The graphics are a lovely style and you soon get used to looking at all the action taking place within a circle. There are not a huge number of locations in this point and click adventure game, which has a play time of around 3 hours, but most locations are very puzzle-heavy, with a large number of challenges to overcome. The puzzles are many and varied, and include some really good ideas. The game is not very hard although there are a number of puzzles that present a decent challenge, and you can always call your mate Martin for hints, though he seems to be out of his mind most of the time and his hints aren’t always helpful. Early on the the game there is a major puzzle that can be solved 3 different ways, but this is the exception rather than the rule, the game is mostly very linear.

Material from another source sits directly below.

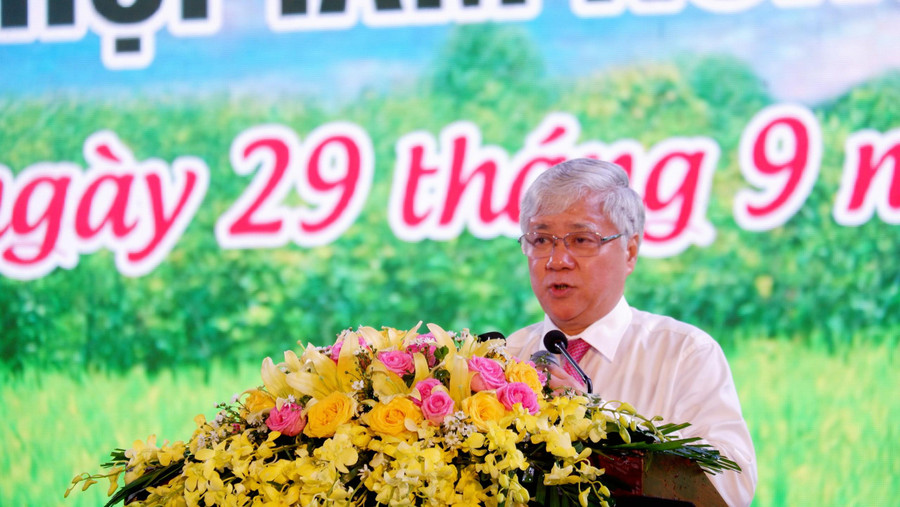 Ông Đỗ Văn Chiến - Bí thư Trung ương Đảng, Chủ tịch Ủy ban Trung ương MTTQVN phát biểu khai mạc. Ông Đỗ Văn Chiến - Bí thư Trung ương Đảng, Chủ tịch Ủy ban Trung ương MTTQVN phát biểu khai mạc.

There is a bit of toilet humour in one location particularly and the whole game is very politically incorrect – racial stereotypes abound, in line with Viktor’s personality - but the whole thing is generally presented with a crazy abandon rather than any attempt to shock or appall. If you’re particularly sensitive this may not be the game for you. It’s the craziness that really shines through in this game though, the humour, the willingness to just smash through accepted social norms via a player character who, after all, will randomly go around shouting at and kicking things if you give him half a chance.
Viktor is a raving lunatic, although perhaps so much of a lunatic that he’s come out of the other side into a dangerous kind of pseudo-sanity. He often made me laugh, as did many other things in the game. You get to swap between two characters later in the game, though I felt this was perhaps not utilised quite as much as it could have been.
In short if you want something with a unique style, with puzzles that are genuinely satisfying to solve, and that will likely have you laughing out loud a few times, Viktor: A Steampunk Adventure definitely fits the bill.